Uno es ecuatoriano, el otro peruano. Nadie sabe cual es cual. “Uno de ellos estaba color ceniza y sudaba y el otro tenía un brazo vendado fuera de la cama y las mejillas hundidas”. Aparte de eso no tenían nada especial. “Parecían dos pastorcitos cajamarquinos o dos de esos arrieros que yo había visto caminando infatigables en las punas de Ancash”. Ambos estaban desmayados. El que más sudaba, balbuceaba palabras ininteligibles durante las noches, nadie lo entendía y en su sufrimiento no podía ser atendido -“Esta delirando”- decían algunos.

-“Son peruanos, los ecuatorianos deben ser más peludos.”

A medida que pasaban los días y se celebraba la victoria peruana, nadie quería hacerse cargo de los heridos. Y es que “en medio del regocijo del armisticio, los moribundos eran vistos como los parientes pobres, esos defectos físicos que convenía esconder y olvidar para que nadie pueda ser capáz poner en duda lo bello de la vida y la paz.”

Una mañana uno de los soldados, el del brazo herido, se había despertado y estába levantado apoyándose en la pared. Al ver al enfermero que llegaba señaló al otro herido, y le dijo:

– “Se está muriendo, niño. Todita la noche ha llorado. Dice que ya no puede más.”

Y a continuación le dice:

– “Yo ya me quiero ir. Soy de Ecuador, de la sierra de Riobamba. Este aire me sienta mal. Ya puedo caminar. Despacito me iré caminando”. El enfermero sale corriendo y en el corredor, se topa con un soldado peruano a quien le cuenta que ya sabe cuál es el ecuatoriano. El soldado peruano le grita al herido del brazos que está preso, y le coloca el seguro a la puerta.

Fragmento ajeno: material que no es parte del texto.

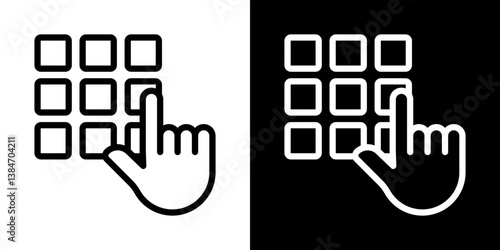 Keypad icons vector set in stroke line style
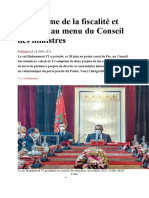 La Réforme de La Fiscalité Et Des EEP Au Menu Du Conseil Des Ministres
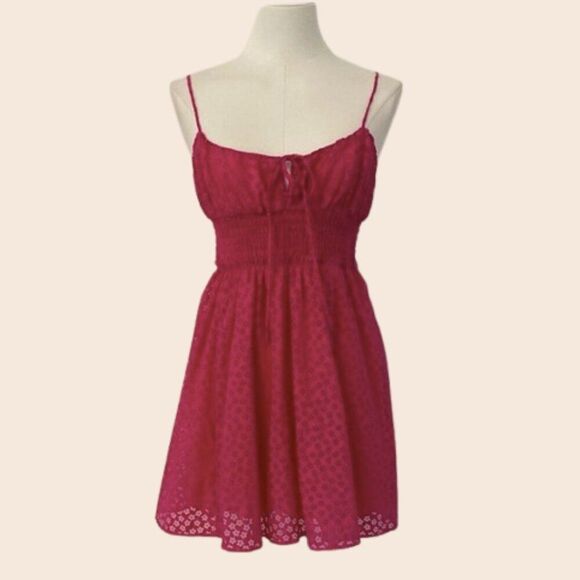 Urban Outfitters Riley Smocked Waist Floral Pink Daisy Mini Dress XS - Picture 1 of 15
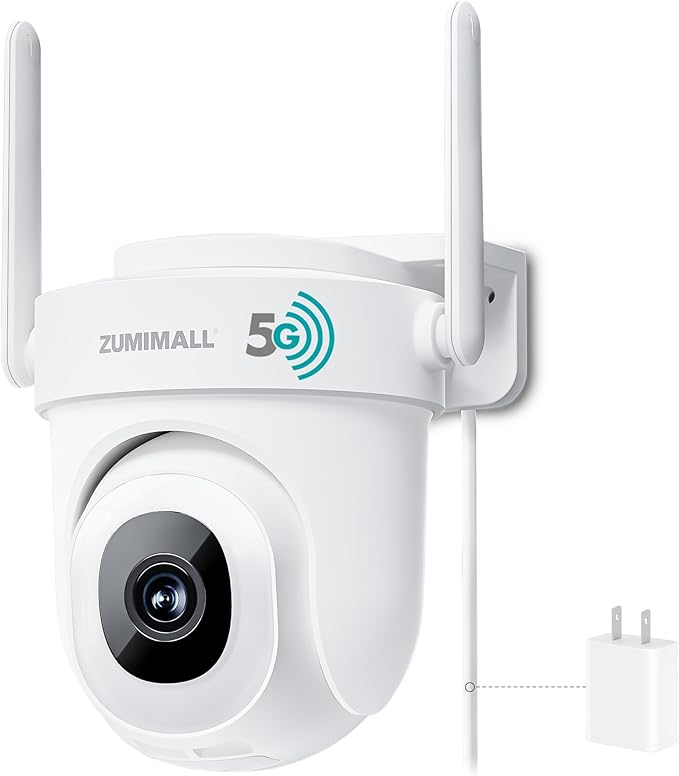 ZUMIMALL 5MP Security Camera Outdoor - 2.4G/5G WiFi, Wired Camera 24/7 Recording | AI Motion & Noise Detection, 360° Auto Tracking, Color Night Vision | IP66 Weatherproof, Alexa Compatible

Esa noche, el soldado peruano agonizaba. Quería decir algo desde que había llegado a su lecho de herido, pero como ninguno de la casa hablaba quechua, nadie le entiendía. En eso, el soldado ecuatoriano que todo el tiempo había estado cubierto con su sábana, saca la cabeza y dice:

– “Quiere escribir una carta”

– ¿Cómo sabes?- le preguntan

– “Yo entiendo, señor – y ante su mirada de sorpresa continua – El y yo hablamos la misma lengua.”

Entonces, le dicta una carta extraña, de indio, pero al final el soldado peruano muere sin mencionar el destinatario de la misiva. “Habrá que mandar esto” pero como no supo a quién enviarla se la guardó en el bolsillo. En ese momento, el ecuatoriano le pregunta:

– “¿Cuándo me iré de aquí?. Este aire me mata, señor. Ya puedo caminar.” (….)

Muchas veces, frente a un problema reaccionamos sin meditar, sin ver lo subyacente a ciertas situaciones y siempre con prejuicios, es el típico temor a lo desconocido, al otro. Cuando existe claridad en nuestros pensamientos, meditamos sobre todo lo ocurrido y vemos nuestros puntos en común con el otro, colocándonos en su lugar, es cuando realmente damos el primer paso para vencer el problema.

Esta ha sido una historia de guerra, una historia donde no existen derechos ni piedades y sin embargo un elemento común (el idioma Quechua) nos hace ver que compartimos algo que va más allá de las armas o de las fronteras, algo más ancestral y vivo en nosotros a pesar de todo lo sufrido por el pueblo indígena durante 5 siglos. “La guerra, más allá del discurso nacionalista y chauvinista, es una estupidez entre pueblos hermanos. Sin embargo, ni los gobernantes, ni los militares parecen entenderlo” hasta que la situación los toque de verdad. Siempre debemos dar una mirada al pasado parar poder proyectarnos al futuro.